LISA—or something like it—has been on the drawing boards since the 1980s. The current LISA observatory was proposed about a decade later and scientists flew a “pathfinder mission” to test out its principal design. Now, it’s going to be a full-fledged set of three spacecraft set to launch in 2035 and should revolutionize gravitational wave studies.

This graphic shows how LISA will work. Courtesy ESA.
This graphic shows how LISA will work. Courtesy ESA.

The spacecraft constellation will maneuver into three separate positions in an Earth-like heliocentric orbit. Essentially, they’ll form a triangle, joined together by laser beams that will each shoot across 2.5 million kilometers of space. Those beams will be the prime gravitational wave detectors. When a wave passes by, it will change the length of each laser “arm”. Sophisticated instruments onboard will record the changes and send that data back to Earth for analysis. The differential changes in the length of each arm will tell scientists crucial information about the objects that collided to create the waves. If all goes well, LISA will become the first space-based observatory dedicated solely to these ripples in the fabric of spacetime.

The Next Steps

The decision to forge ahead with LISA is a formal step called “adoption”. It basically says that the technology for the mission and the concept and timeline are good to go. That allows the agency to go ahead with building the spacecraft and its instrumentation. From this point, the agency is now free to solicit and select contractors for fabrication. The design and assembly process could begin as early as January 2025.

LISA’s development won’t be easy, according to lead project scientist Nora Lützgendorf. “LISA is an endeavor that has never been tried before,” she said. “Using laser beams over distances of several kilometers, ground-based instrumentation can detect gravitational waves coming from events involving star-sized objects – such as supernova explosions or merging of hyper-dense stars and stellar-mass black holes. To expand the frontier of gravitational studies we must go to space.
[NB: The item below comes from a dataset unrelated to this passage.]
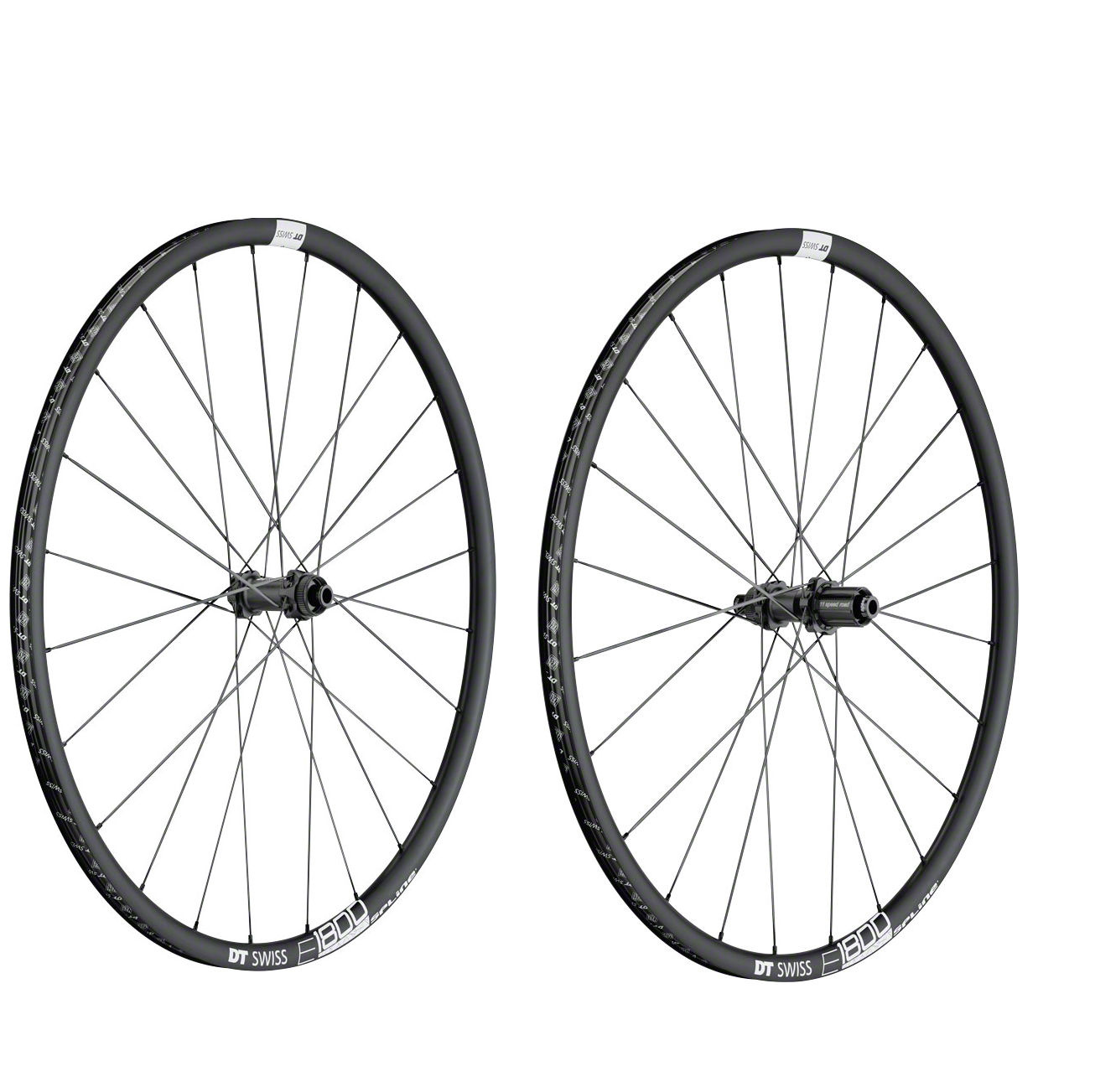 DT Swiss E1800 Disc Wheelset 142/100 12mm TA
Thanks to the huge distance traveled by the laser signals on LISA, and the superb stability of its instrumentation, we will probe gravitational waves of lower frequencies than is possible on Earth, uncovering events of a different scale, all the way back to the dawn of time.”

Protecting LISA from Outside Influences in Space

Of course, space presents unique challenges to the spacecraft’s mission. In that regard, LISA faces some similar types of issues that LIGO and others meet on the ground. For example, the ground rumbles from heavy trucks driving by disturb the LIGO instruments. That means its scientists have to filter out any non-gravitational-wave disturbances.

There aren’t trucks in space, thankfully, but LISA will face some non-gravitational-wave forces such as light pressure and the solar wind. Scientists will get around those with some very clever spacecraft designs. Each of the three craft will be equipped with telescopes, lasers, and test masses made of gold-coated gold and platinum.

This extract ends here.